▶ Saved entries
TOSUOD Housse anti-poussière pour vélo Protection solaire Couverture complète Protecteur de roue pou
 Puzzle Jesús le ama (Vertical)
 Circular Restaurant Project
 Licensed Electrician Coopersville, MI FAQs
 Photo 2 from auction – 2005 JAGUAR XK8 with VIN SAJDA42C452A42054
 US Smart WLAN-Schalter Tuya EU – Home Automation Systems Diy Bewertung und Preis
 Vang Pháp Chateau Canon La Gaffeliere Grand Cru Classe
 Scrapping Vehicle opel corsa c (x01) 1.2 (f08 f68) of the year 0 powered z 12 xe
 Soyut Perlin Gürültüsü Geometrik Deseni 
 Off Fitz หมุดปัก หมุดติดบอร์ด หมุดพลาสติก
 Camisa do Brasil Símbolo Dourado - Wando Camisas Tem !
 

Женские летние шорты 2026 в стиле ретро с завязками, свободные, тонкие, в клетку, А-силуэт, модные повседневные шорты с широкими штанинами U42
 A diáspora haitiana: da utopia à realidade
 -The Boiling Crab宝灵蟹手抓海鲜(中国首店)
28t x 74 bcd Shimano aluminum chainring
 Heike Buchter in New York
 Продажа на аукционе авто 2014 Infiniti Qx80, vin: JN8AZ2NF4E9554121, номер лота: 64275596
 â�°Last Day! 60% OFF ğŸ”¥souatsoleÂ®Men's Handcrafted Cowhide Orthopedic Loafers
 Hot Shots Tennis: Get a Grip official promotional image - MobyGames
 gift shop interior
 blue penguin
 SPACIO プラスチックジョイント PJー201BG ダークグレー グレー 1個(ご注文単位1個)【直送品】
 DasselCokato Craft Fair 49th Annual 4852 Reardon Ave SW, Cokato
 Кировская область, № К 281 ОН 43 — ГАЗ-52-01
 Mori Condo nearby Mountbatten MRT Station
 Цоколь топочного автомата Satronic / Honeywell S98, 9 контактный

▶ Problem details
Retype all the data, changing nothing.

▶ Solution to this problem
TOSUOD Housse anti-poussière pour vélo Protection solaire Couverture complète Protecteur de roue pou
 Puzzle Jesús le ama (Vertical)
 Circular Restaurant Project
 Licensed Electrician Coopersville, MI FAQs
 Photo 2 from auction – 2005 JAGUAR XK8 with VIN SAJDA42C452A42054
 US Smart WLAN-Schalter Tuya EU – Home Automation Systems Diy Bewertung und Preis
 Vang Pháp Chateau Canon La Gaffeliere Grand Cru Classe
 Scrapping Vehicle opel corsa c (x01) 1.2 (f08 f68) of the year 0 powered z 12 xe
 Soyut Perlin Gürültüsü Geometrik Deseni 
 Off Fitz หมุดปัก หมุดติดบอร์ด หมุดพลาสติก
 Camisa do Brasil Símbolo Dourado - Wando Camisas Tem !
 

Женские летние шорты 2026 в стиле ретро с завязками, свободные, тонкие, в клетку, А-силуэт, модные повседневные шорты с широкими штанинами U42
 A diáspora haitiana: da utopia à realidade
 -The Boiling Crab宝灵蟹手抓海鲜(中国首店)
28t x 74 bcd Shimano aluminum chainring
 Heike Buchter in New York
 Продажа на аукционе авто 2014 Infiniti Qx80, vin: JN8AZ2NF4E9554121, номер лота: 64275596
 â�°Last Day! 60% OFF ğŸ”¥souatsoleÂ®Men's Handcrafted Cowhide Orthopedic Loafers
 Hot Shots Tennis: Get a Grip official promotional image - MobyGames
 gift shop interior
 blue penguin
 SPACIO プラスチックジョイント PJー201BG ダークグレー グレー 1個(ご注文単位1個)【直送品】
 DasselCokato Craft Fair 49th Annual 4852 Reardon Ave SW, Cokato
 Кировская область, № К 281 ОН 43 — ГАЗ-52-01
 Mori Condo nearby Mountbatten MRT Station
 Цоколь топочного автомата Satronic / Honeywell S98, 9 контактный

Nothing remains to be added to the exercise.